Great Debate

Physician dress: Is the white coat becoming a fashion don’t?

Are white coats going the way of powdered wigs and monocles? Some DOs say yes.

If you ask a child to draw a doctor, a white coat will probably appear on the page. But many physicians are forgoing this time-honored garment and donning professional business attire or scrubs instead. In the United Kingdom, white coats are already passé; the U.K. Department of Health banned them, along with ties, in 2007, citing concerns about hospital-acquired infections. The updated U.K. dress code calls for physicians’ arms to be “bare below the elbows” during clinical encounters, according to the Infectious Disease Special Edition website.

Dress codes that discourage white coats exist at U.S. institutions too. The Mayo Clinic is one example, says Robert Orenstein, DO, an associate professor of medicine and chair of the infectious diseases division at the Mayo Clinic in Arizona. “Mayo has always recommended business apparel for its consulting staff rather than white coats,” says Dr. Orenstein, who also serves as the AOA’s editor in chief.

One DO pushed her white coat to the back of her closet because she feels it induces nervousness in patients, while another says her white coat is uncomfortable and restricts movement.
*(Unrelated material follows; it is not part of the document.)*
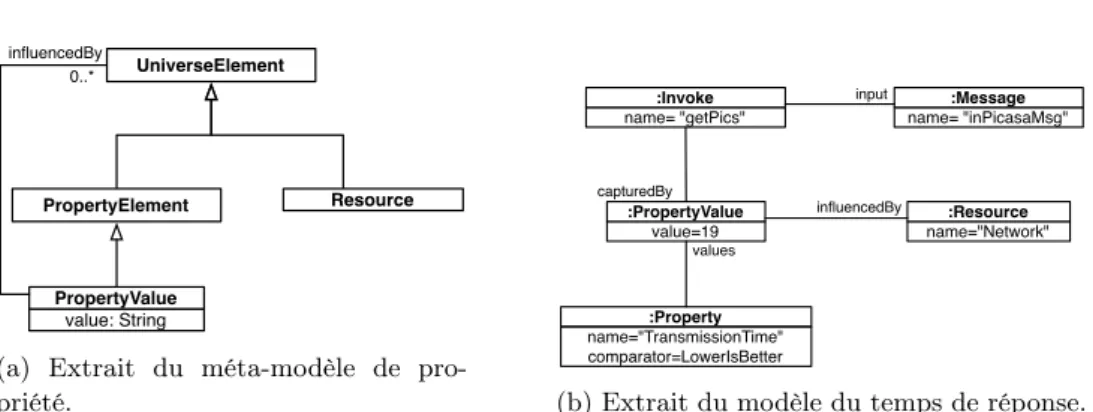 Figure 7.5 – Modèle et méta-modèle des facteurs d’inﬂuence.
Here’s what they and other DOs have to say about white coats and physician dress.

Alleviating anxiety

Patients who display elevated blood pressure levels during medical appointments are said to have white coat hypertension, and a recent study by the Exeter Medical School found that patients’ blood pressure was higher when measured by a physician than when measured by a nurse.

For physicians who work with kids, the stakes can be even higher.

“Starting in residency, I was asked to never wear a white coat, since the kids in the hospital were already scared and vulnerable,” says pediatrician Michelle Curtin, DO. Physicians and students in Dr. Curtin’s current practice in Louisville, Kentucky, sport business casual attire rather than white coats.

“The immediate and visceral fear reaction from young children, who associate the white coat with getting a shot, makes it impossible to get anything else accomplished,” she explains.

Building trust

Angela Lim, DO, says the white coat restricts her movement, especially when she’s performing osteopathic manipulative treatment. Skipping the coat can also help build trust, says Dr. Lim, an osteopathic manipulative medicine and neuromusculoskeletal medicine specialist in Vacaville, California.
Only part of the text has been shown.